Specific priorities for the youth field include:

  • Promoting active citizenship, young people’s sense of initiative and youth entrepreneurship including social entrepreneurship: The priority aims to foster active citizenship among young people, notably through volunteering and acts of solidarity, and thereby strengthen young people’s sense of initiative, particularly in the social field, and support their communities. Projects under this priority could also promote entrepreneurship, creative learning and social entrepreneurship among youth. Intercultural dialogue, knowledge and recognition of diversity and promotion of tolerance are key to this priority.
  • Increasing quality, innovation and recognition of youth work: The priority aims to promote the recognition and validation of youth work and informal and non-formal learning on all levels, and support quality development and innovation in youth work. This includes capacity-building of youth workers in their online and offline practices, as well as support to the development and sharing of methods to reach marginalised young people, prevent racism and intolerance among youth, and the risks, opportunities and implications of digitalisation.
  • Strengthening the employability of young people: The priority aims to strengthen young people’s key competences and basic skills. The youth sector plays an important role in easing the transition of young people from youth to adulthood, including supporting their integration into the labour market. Activities focusing on the inclusion and employability of young people with fewer opportunities (including NEETs), with particular emphasis on young people at risk of marginalisation and those with a migrant background, are at the core of this priority.
  • Reinforcing links between policy, research and practice: This priority addresses the need for stronger links between policy, research and practice in the youth field to provide improved evidence of needs and facilitate policy making. Activities to promote better knowledge about the situation of young people and youth policies in Europe and beyond will be of importance to this priority.

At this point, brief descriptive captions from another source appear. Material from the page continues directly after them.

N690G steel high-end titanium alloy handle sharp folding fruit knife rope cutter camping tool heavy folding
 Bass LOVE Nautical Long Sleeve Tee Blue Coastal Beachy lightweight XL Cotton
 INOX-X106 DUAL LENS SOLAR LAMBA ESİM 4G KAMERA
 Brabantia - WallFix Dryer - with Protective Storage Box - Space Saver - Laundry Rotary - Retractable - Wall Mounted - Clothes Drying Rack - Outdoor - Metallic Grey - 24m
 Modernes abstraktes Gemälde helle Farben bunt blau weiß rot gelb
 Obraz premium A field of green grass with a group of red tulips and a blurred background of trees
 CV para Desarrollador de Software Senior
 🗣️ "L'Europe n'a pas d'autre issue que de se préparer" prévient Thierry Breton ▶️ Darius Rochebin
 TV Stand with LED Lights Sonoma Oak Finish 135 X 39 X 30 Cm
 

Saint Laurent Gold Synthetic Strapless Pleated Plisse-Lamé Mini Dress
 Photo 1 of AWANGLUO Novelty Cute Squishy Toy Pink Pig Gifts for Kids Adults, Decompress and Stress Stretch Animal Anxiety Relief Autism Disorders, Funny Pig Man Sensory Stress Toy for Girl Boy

Youthpass is a tool to document and recognise learning outcomes from youth work activities. It is available for projects funded by Erasmus+: Youth in Action (2014-2020) and Youth in Action (2007-2013) programmes. It is a part of the European Commission’s strategy to foster the recognition of non-formal learning, putting policy into practice and practice into policy:

      • While creating their Youthpass certificate together with a support person, project participants are given the possibility to describe what they have done in their project and which competences they have acquired. Thus, Youthpass supports the reflection upon the personal non-formal learning process and outcomes.
      • As a Europe-wide recognition instrument for non-formal learning in the youth field, Youthpass strengthens the social recognition of youth work.
      • Youthpass supports active European citizenship of young people and of youth workers by describing the added value of their project.
      • Youthpass also aims at supporting the employability of young people and of youth workers by raising their awareness of and helping to describe their competences, and by documenting their acquisition of key competences on a certificate.